Property indexes in Nebula Graph are designed to reuse the functionality of RocksDB in the Storage Service, in which case indexes are modeled as keys with the same prefix. If the lookup of a property fails to hit the cache, it is processed as a random seek and a sequential prefix scan on the hard disk to find the corresponding VID. After that, the graph is usually traversed from this vertex, so that another random read and sequential scan for the corresponding key-value of this vertex will be triggered. The higher the duplication rate, the larger the scan range.
For more information about property indexes, see How indexing works in Nebula Graph.
Usually, special design and processing are required when the number of duplicate property values exceeds 10,000.
Suggested solutions¶
Solutions at the database end¶
- Truncation: Only return a certain number (a threshold) of edges, and do not return other edges exceeding this threshold.
- Compact: Reorganize the order of data in RocksDB to reduce random reads and increase sequential reads.
Solutions at the application end¶
Break up some of the super vertices according to their business significance:
-
Delete multiple edges and merge them into one.

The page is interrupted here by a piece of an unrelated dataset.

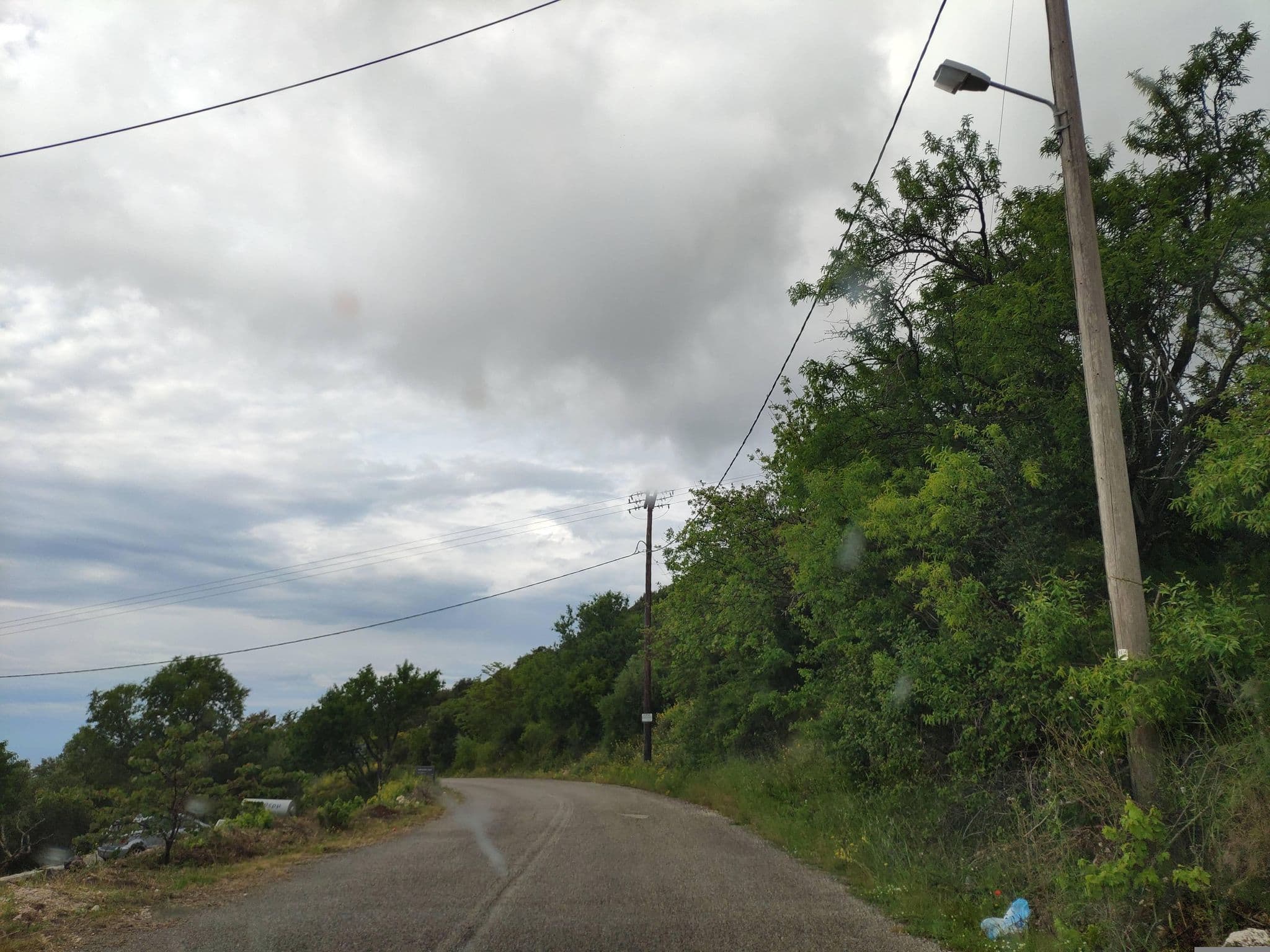 Street view near AMADRYADES VILLAS, Nidhríon — © pppetros (CC BY-SA · Mapillary)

For example, A transfer scenario is
(Account_A)-[TRANSFER]->(Account_B)
. Each transfer record is modeled as an edge between account A and account B, then there may be tens of thousands of transfer records.In such scenarios, merge obsolete transfer details on a daily, weekly, or monthly basis. That is, batch-delete old edges and replace them with a small number of edges representing monthly total and times. And keep the transfer details of the latest month.
-
Split an edge into multiple edges of different types.
For example, in the
(Airport)<-[DEPART]-(Flight)
scenario, the departure of each flight is modeled as an edge between a flight and an airport. Departures from a big airport might be enormous.According to different airlines, divide the
DEPART
Edge type into finer Edge types, such asDEPART_CEAIR
,DEPART_CSAIR
, etc. Specify the departing airline in queries (graph traversal).
- Split vertices.
For example, for the loan network of (person)-[BORROW]->(bank)
, large bank A will have a very large number of loans and borrowers.

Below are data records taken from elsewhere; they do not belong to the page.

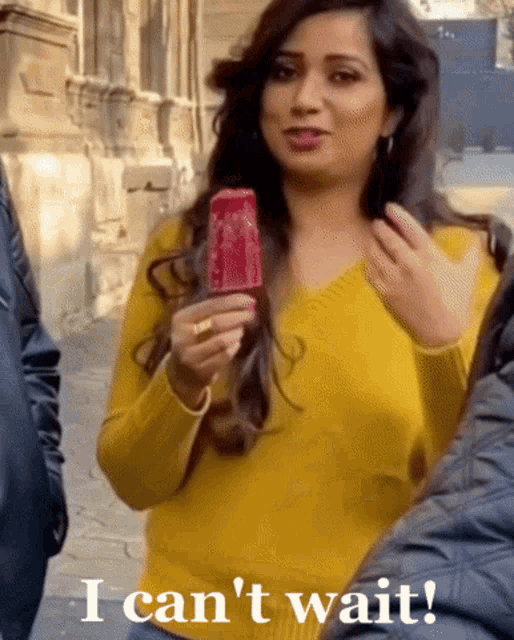 a woman in a yellow sweater is holding a red popsicle and says " i can 't wait " below her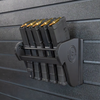 Assault Wall Universal Mag Holder with doublet tap logo with adjustable tension, shown loaded with loaded rifle mags & mounted to a black Assault Wall panel, highlighting the adjustable slot options that the carbon fiber rod rests in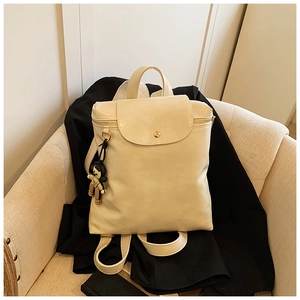 Detail of cream white backpack with magnetic flap and cute cartoon girl charm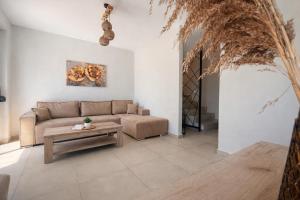 a living room with a couch and a table at Ariadne Stay Complex by Horizon Homes in Ofrínion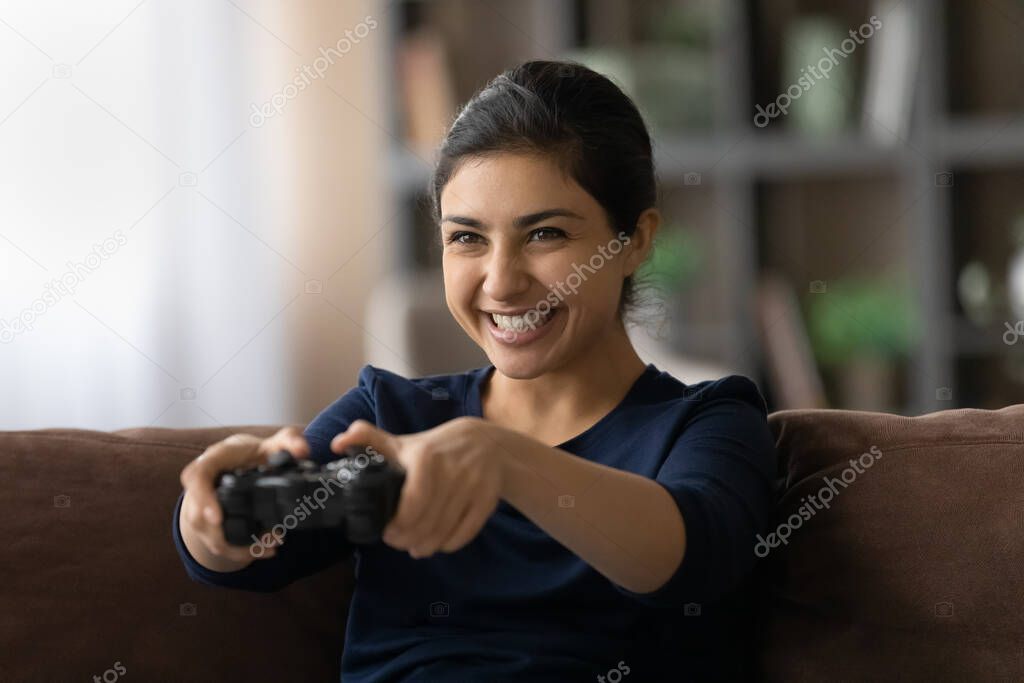 Passionate indian female teenager play favorite console videogame at home
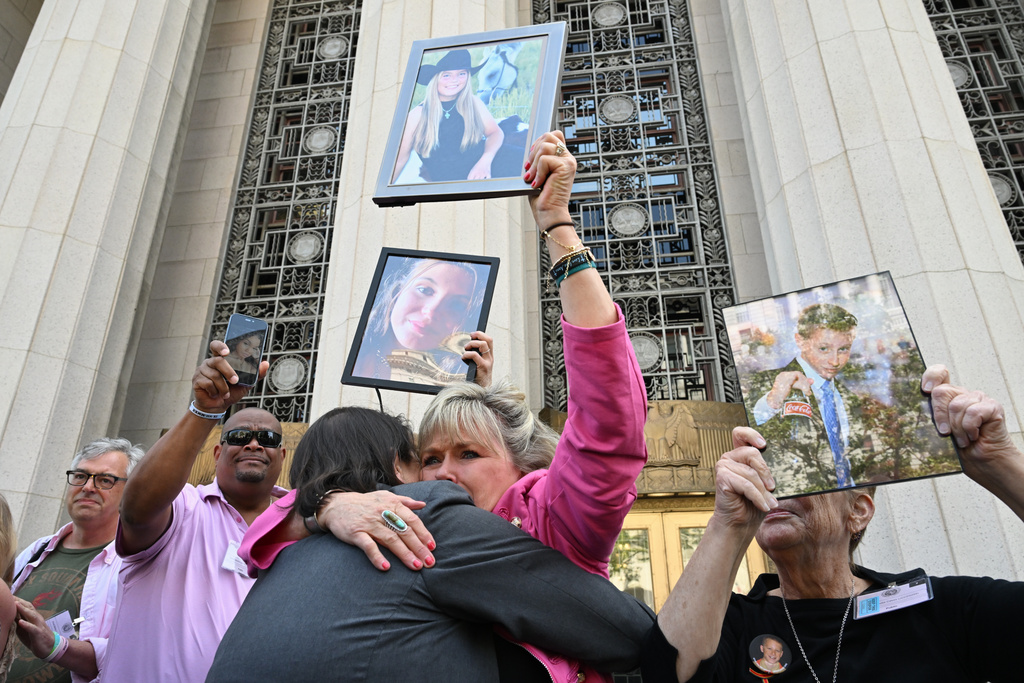 Lori Schott, center, is embraced as she holds up a photo of her daughter Annalee Schott, after the verdict in a landmark trial over whether social media platforms deliberately addict and harm children at Los Angeles Superior Court, Wednesday, March 25, 2026, in Los Angeles. (AP Photo/William Liang)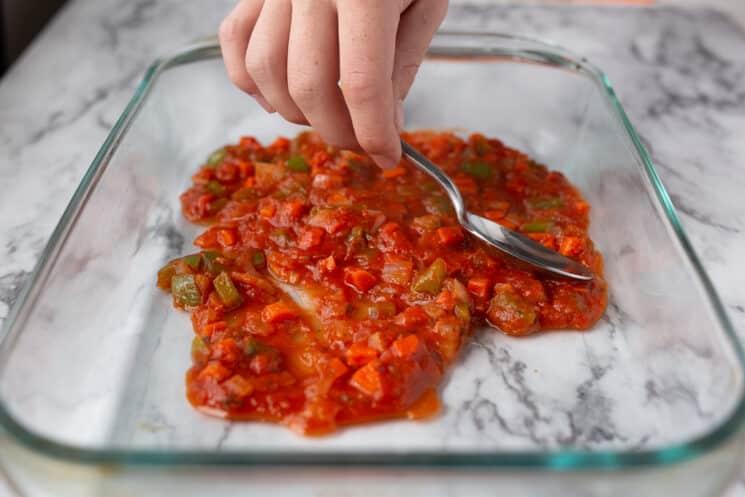 spreading sauce on the bottom of a pan for lasagna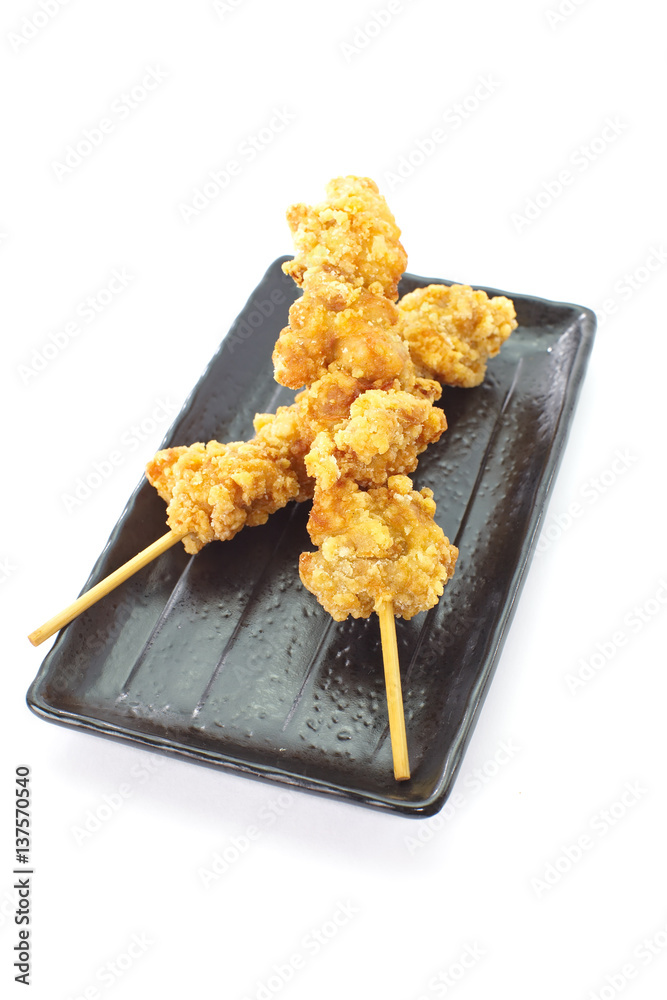 Crispy deep fried chicken with skewer and black plate on white background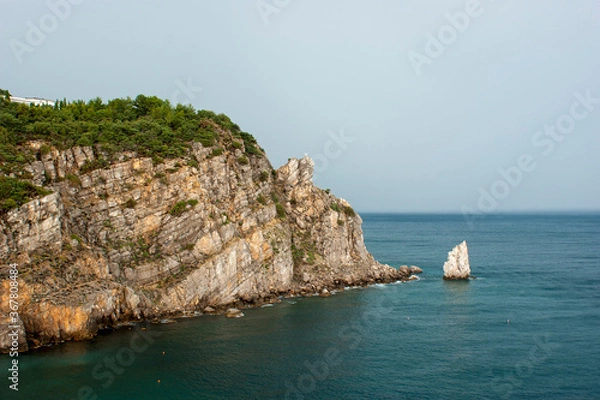 Fototapeta Rock "Sail" in the Crimea. View of the bay from the height of the cliff. Summer vacation concept.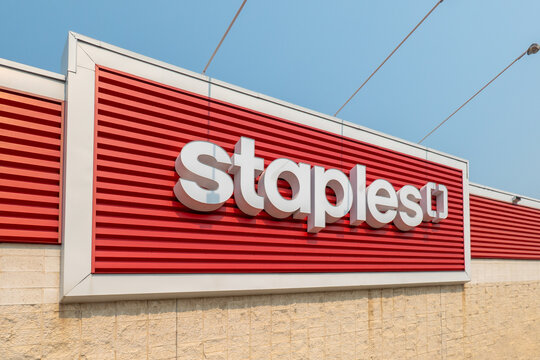 Calgary, AB, Canada. August 16, 2026. Low angle view of white Staples logo letters mounted on a red wall on a retail store facade.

In such scenarios, you can split the large vertex A into connected sub-vertices A1, A2, and A3.
(Person1)-[BORROW]->(BankA1), (Person2)-[BORROW]->(BankA2), (Person2)-[BORROW]->(BankA3);
(BankA1)-[BELONGS_TO]->(BankA), (BankA2)-[BELONGS_TO]->(BankA), (BankA3)-[BELONGS_TO]->(BankA).
A1, A2, and A3 can either be three real branches of bank A, such as Beijing branch, Shanghai branch, and Zhejiang branch, or three virtual branches set up according to certain rules, such as A1: 1-1000, A2: 1001-10000 and A3: 10000+
according to the number of loans. In this way, any operation on A is converted into three separate operations on A1, A2, and A3.